A contrary argument is that "the persuasive power of Basic does not depend on acceptance of the efficient market hypothesis" and that "Basic is a pragmatic, not a theoretical, opinion based on the purposes of the federal securities laws, including the protection of investors and the enhancement of investor confidence."5 From the premise that although presumptions "[arise] out of considerations of fairness, public policy, and probability, as well as judicial economy, they are also "useful devices for allocating burdens of proof between parties," Basic concluded that the "presumption of reliance employed in this case is consistent with, and by facilitating Rule 10b-5 litigation, supports, the congressional policy embodied in the [Securities Exchange] Act. 485 U.S. at 245.

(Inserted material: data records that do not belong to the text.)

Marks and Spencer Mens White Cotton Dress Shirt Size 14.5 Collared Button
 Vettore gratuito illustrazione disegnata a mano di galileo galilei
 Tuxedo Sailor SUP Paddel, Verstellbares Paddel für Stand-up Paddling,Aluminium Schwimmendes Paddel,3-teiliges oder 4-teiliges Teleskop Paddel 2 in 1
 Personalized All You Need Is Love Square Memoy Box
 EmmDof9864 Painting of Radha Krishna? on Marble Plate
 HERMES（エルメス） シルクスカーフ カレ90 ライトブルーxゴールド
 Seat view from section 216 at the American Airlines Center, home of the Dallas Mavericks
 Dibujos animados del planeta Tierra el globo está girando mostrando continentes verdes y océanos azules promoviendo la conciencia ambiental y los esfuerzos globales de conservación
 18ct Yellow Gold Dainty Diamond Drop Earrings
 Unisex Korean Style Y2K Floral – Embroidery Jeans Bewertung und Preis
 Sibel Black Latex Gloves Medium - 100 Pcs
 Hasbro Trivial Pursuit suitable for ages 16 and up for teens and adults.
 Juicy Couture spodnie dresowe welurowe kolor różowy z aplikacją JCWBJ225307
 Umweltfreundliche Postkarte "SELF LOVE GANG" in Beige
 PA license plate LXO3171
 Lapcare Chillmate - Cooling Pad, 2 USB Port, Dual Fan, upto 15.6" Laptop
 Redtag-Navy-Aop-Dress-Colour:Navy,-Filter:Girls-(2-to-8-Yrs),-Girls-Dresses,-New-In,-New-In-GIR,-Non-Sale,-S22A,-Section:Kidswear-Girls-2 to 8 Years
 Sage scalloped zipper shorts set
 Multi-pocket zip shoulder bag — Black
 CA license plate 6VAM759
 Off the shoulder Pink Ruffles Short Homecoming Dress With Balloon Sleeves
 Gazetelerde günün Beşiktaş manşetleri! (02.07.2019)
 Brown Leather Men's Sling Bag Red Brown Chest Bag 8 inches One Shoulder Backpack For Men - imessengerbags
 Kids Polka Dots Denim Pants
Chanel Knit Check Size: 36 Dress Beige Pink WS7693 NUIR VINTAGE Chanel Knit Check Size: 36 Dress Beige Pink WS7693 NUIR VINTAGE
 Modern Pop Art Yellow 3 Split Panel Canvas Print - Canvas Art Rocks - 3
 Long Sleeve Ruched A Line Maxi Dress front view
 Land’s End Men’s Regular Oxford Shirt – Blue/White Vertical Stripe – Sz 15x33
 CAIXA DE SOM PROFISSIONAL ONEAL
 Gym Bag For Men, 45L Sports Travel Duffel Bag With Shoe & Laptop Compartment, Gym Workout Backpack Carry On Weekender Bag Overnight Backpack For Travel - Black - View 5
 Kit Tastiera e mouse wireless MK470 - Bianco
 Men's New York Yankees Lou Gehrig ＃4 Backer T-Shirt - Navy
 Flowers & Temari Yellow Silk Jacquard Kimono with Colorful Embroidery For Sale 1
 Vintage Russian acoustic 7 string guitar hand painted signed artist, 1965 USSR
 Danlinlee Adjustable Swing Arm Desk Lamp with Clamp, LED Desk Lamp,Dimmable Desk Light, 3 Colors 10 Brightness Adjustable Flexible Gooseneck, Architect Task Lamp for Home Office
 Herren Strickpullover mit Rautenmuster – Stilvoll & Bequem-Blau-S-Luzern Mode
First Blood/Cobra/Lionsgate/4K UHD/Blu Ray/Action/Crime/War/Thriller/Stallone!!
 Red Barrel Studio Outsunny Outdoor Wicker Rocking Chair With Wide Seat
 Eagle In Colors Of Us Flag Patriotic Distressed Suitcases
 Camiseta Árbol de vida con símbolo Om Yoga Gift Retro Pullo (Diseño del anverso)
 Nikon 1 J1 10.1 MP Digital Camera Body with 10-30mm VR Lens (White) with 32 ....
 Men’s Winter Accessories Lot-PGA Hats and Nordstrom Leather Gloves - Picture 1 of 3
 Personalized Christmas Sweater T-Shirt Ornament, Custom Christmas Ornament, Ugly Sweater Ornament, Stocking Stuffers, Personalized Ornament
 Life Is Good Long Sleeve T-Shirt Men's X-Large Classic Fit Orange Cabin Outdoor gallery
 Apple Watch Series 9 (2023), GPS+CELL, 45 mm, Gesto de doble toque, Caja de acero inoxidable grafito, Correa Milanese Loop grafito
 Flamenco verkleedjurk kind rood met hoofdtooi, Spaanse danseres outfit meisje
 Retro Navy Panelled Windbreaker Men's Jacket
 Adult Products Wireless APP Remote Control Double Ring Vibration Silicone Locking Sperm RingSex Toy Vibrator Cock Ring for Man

Halliburton argues that a central problem with Basic is that efficiency is not a binary, yes or no question. There is a lack of uniformity in efficiency, even for a single stock, which might trade efficiently some of the time for some information types, but trade inefficiently at other times, for other information types. Information that is easy to understand and "trumpeted in the business media" may be incorporated into market prices "almost instantaneously," but information that is difficult to access or requires a specialist's knowledge to understand may take weeks or months to be incorporated into prices, or may never be incorporated at all. Yet, Basic relies on the outdated binary conception of efficiency: "[I]f a market is shown to be efficient, courts may presume investors' reliance on all public material misrepresentations regarding those securities," Amgen, 133 S.Ct. at 1292, without requiring plaintiffs to first prove that the market price actually incorporated the misrepresentation alleged in the case.